Tuesday, September 5, 2017

Hortus Britannicus

I found this first edition of an amazing work of early 19th. century scholarship in an antiquarian bookshop many years ago. J.C. Loudon's Hortus Britannicus lists all the the plants, native and introduced, known to be growing in Britain in 1830.




































This is much more than just a list, though, as becomes evident when you read the title page which describes the full scope of this monumental work of reference. 

It is: 

A Catalogue of all the Plants Indigenous, Cultivated in, or Introduced to Britain with the Systematic Name and Authority, Accentuation,Derivation of Generic names,literal English of specific names,Synonyms Systematic and English of both Genera and Species, Habit, Habitation in the garden, Indigenous Habitation, Popular Character, Height, Time of Flowering, Colour of the Flower, Mode of Propagation, Soil, Native Country,Year of Introduction, and Reference to Figures




































All this information, in this masterpiece of early 19th. century information technology, is tabulated under column headings. 
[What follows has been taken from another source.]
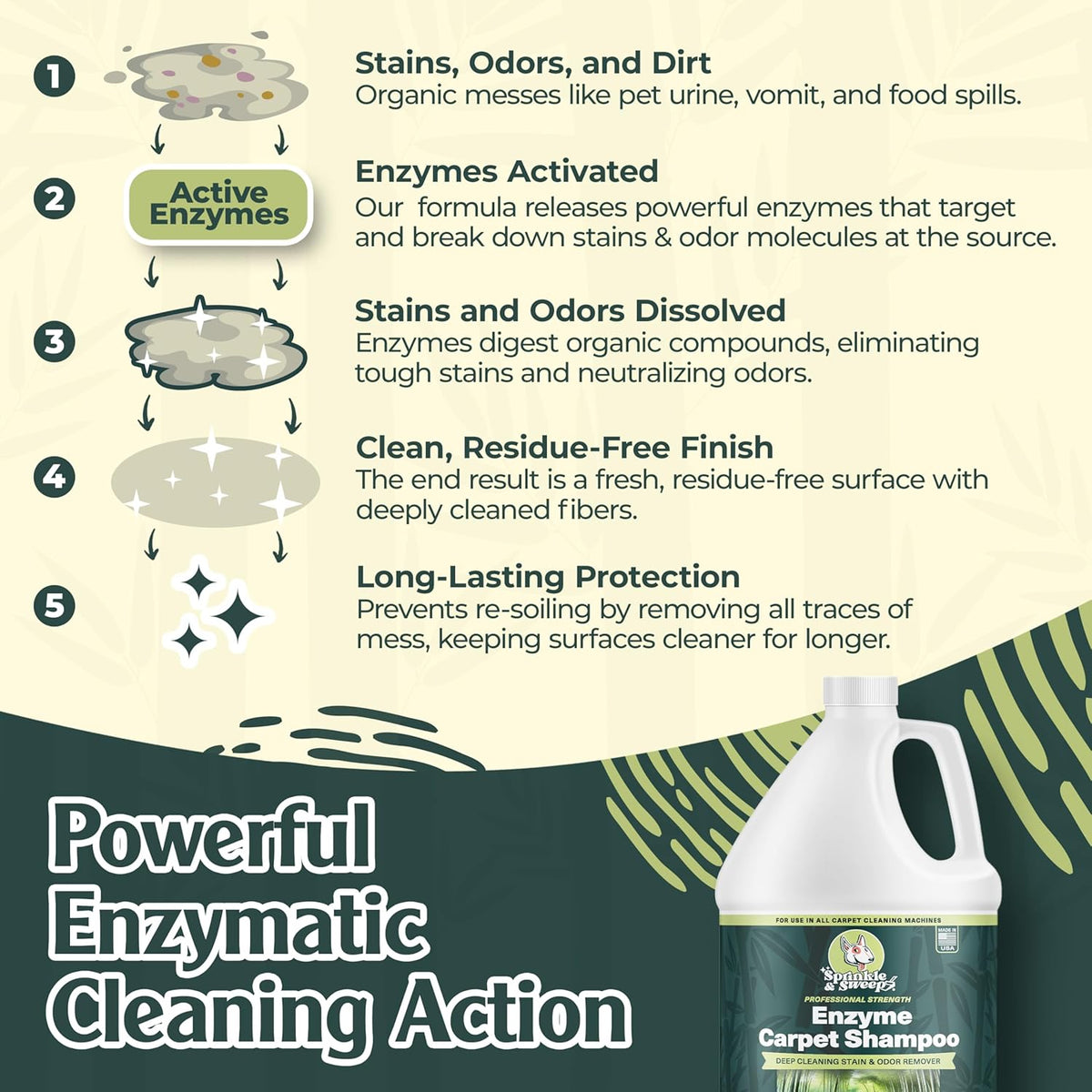 Enzyme Carpet Cleaner - Enzyme Carpet Shampoo (1gal) - Carpet Cleaner Solution to Eliminate Tough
This page is the key to the various categories under each heading. 

If you double click on this image it should enlarge enough for the detail to be readable.



































Here is a sample page, for species in the genus Primula, the primroses.




































But there is more! 

Here is Loudon's method for producing coded plant labels for the garden that correspond to the species numbers in his catalogue, by cutting grooves in a wooden label.



































And here is his advice on drying plants, forming a herbarium and drawing plants, flowers and fruits.


J.C.Loudon was a Scottish botanist who also designed gardens and cemeteries and who is also credited with coining the term 'arboretum'. 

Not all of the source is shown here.